What you will do
The records below are to be copied exactly, with their pictures left out.
§
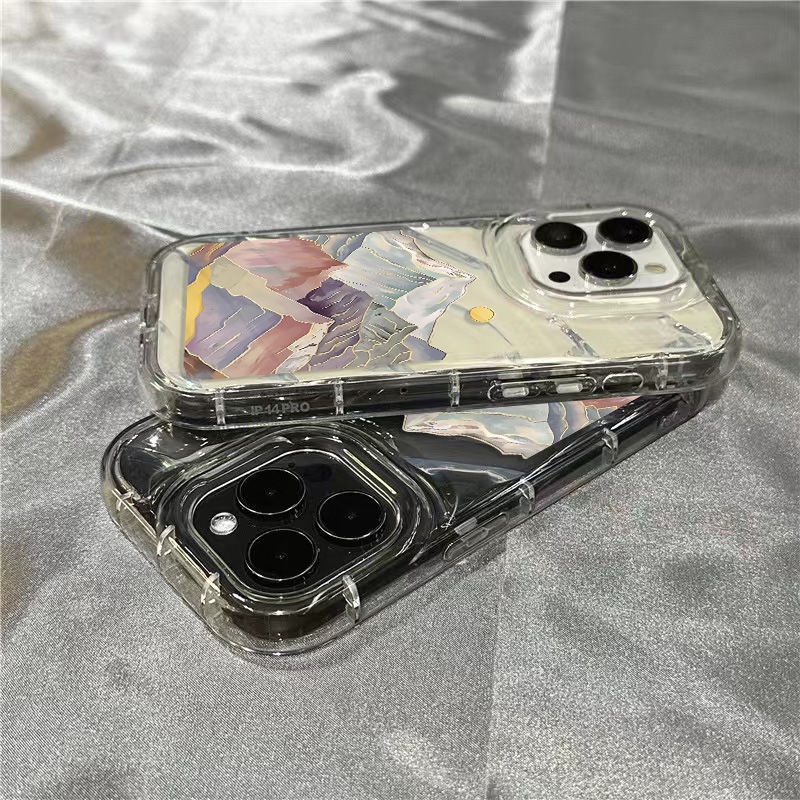 Ốp Điện Thoại Dẻo Trong Suốt Họa Tiết Ngọn Núi Nhiều Màu Sắc Cho iPhone14promax 1312 / 11 7 / 8plus xr / sins BX03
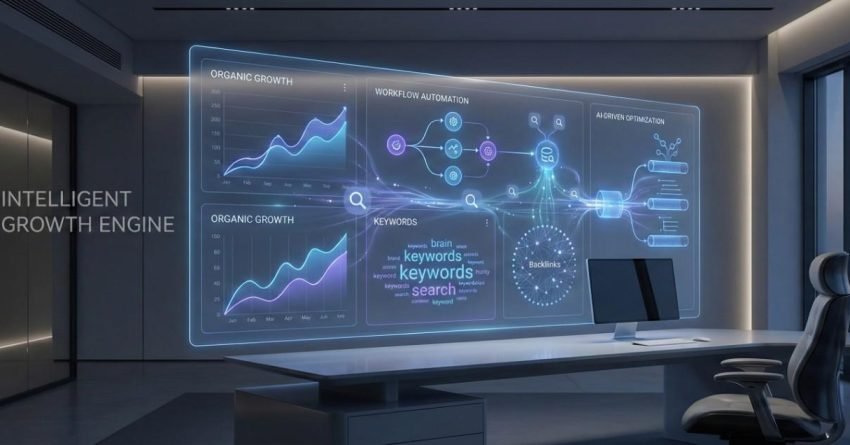 Futuristic office workspace featuring a large holographic analytics dashboard labeled “Intelligent Growth Engine,” displaying organic growth charts, keyword insights, workflow automation, AI-driven optimization, and backlink data, representing advanced SEO intelligence, automation, and data-driven strategies for scalable website growth.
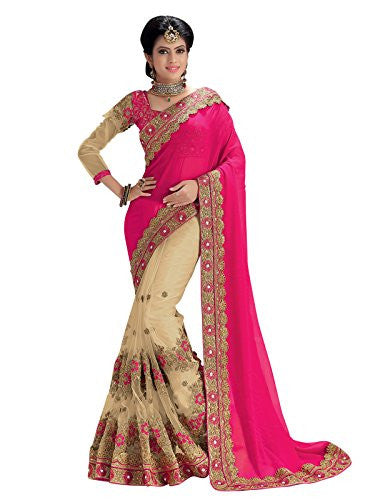 Kanchnar Women's Pink and Beige Georgette and Net Heavy Embroidery Wedding Wear Saree with Embroidered blouse piece,Best Selling Sari For Party Wear,Girls Clothing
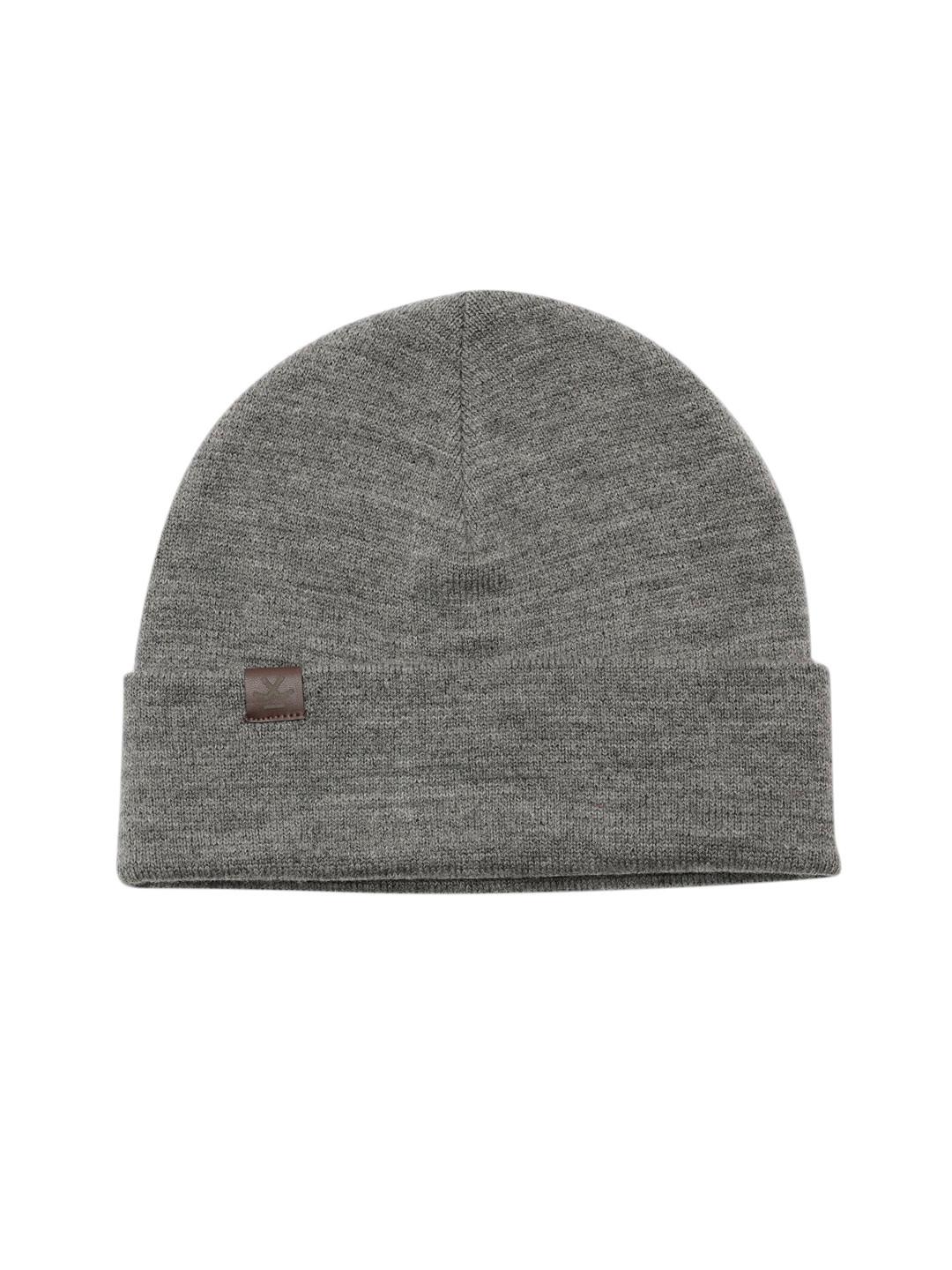 WROGN Unisex Grey Solid Beanie
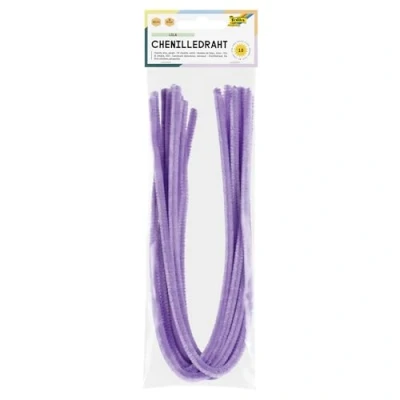 Imagen de folia 77831 Alambre de Chenilla, 10 Unidades Color Morado, diámetro 8 mm y 50 cm Largo, Ideal para niños Manualidades creación Animales, Figuras Otras Formas
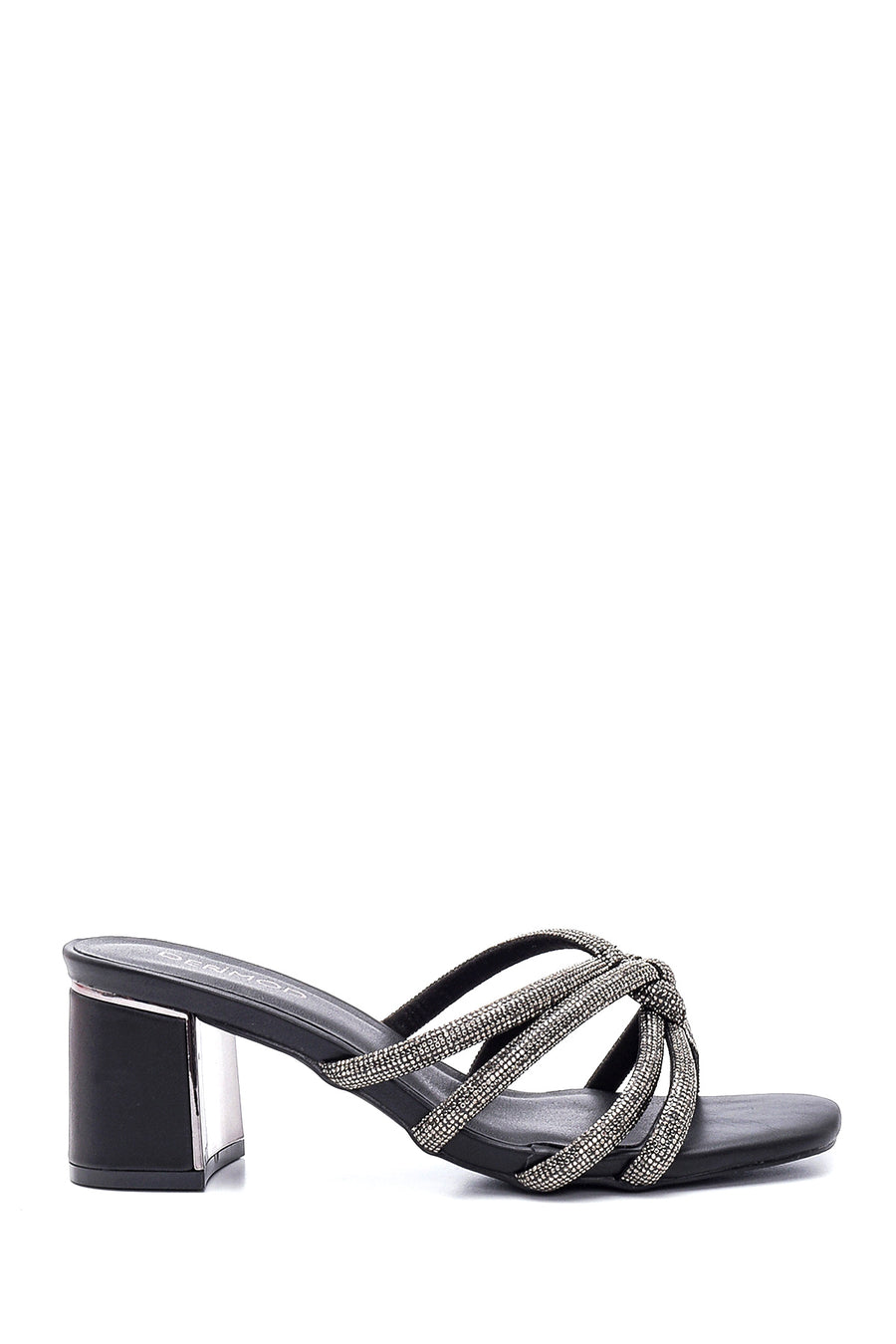 Women's Black Stone Thick Heeled Slippers 22SFD4434TS | Derimod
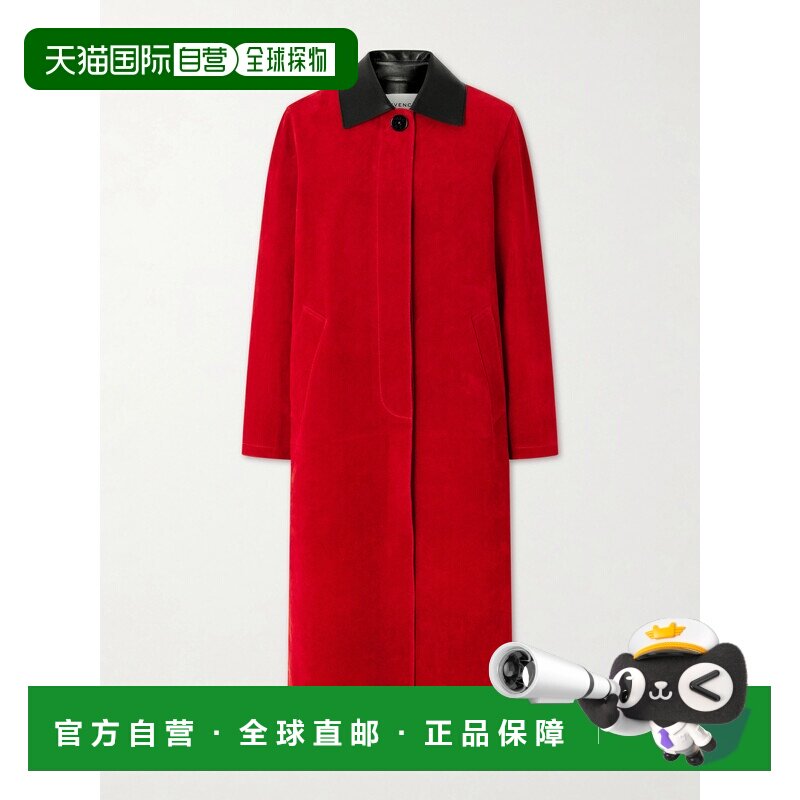 1h可退 美国直邮Givenchy 纪梵希 女士 皮革边绒面革大衣 BWC0F56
§
Written reply
 Ốp Điện Thoại Dẻo Trong Suốt Họa Tiết Ngọn Núi Nhiều Màu Sắc Cho iPhone14promax 1312 / 11 7 / 8plus xr / sins BX03
 Futuristic office workspace featuring a large holographic analytics dashboard labeled “Intelligent Growth Engine,” displaying organic growth charts, keyword insights, workflow automation, AI-driven optimization, and backlink data, representing advanced SEO intelligence, automation, and data-driven strategies for scalable website growth.
 Kanchnar Women's Pink and Beige Georgette and Net Heavy Embroidery Wedding Wear Saree with Embroidered blouse piece,Best Selling Sari For Party Wear,Girls Clothing
 WROGN Unisex Grey Solid Beanie
 Imagen de folia 77831 Alambre de Chenilla, 10 Unidades Color Morado, diámetro 8 mm y 50 cm Largo, Ideal para niños Manualidades creación Animales, Figuras Otras Formas
 Women's Black Stone Thick Heeled Slippers 22SFD4434TS | Derimod
 1h可退 美国直邮Givenchy 纪梵希 女士 皮革边绒面革大衣 BWC0F56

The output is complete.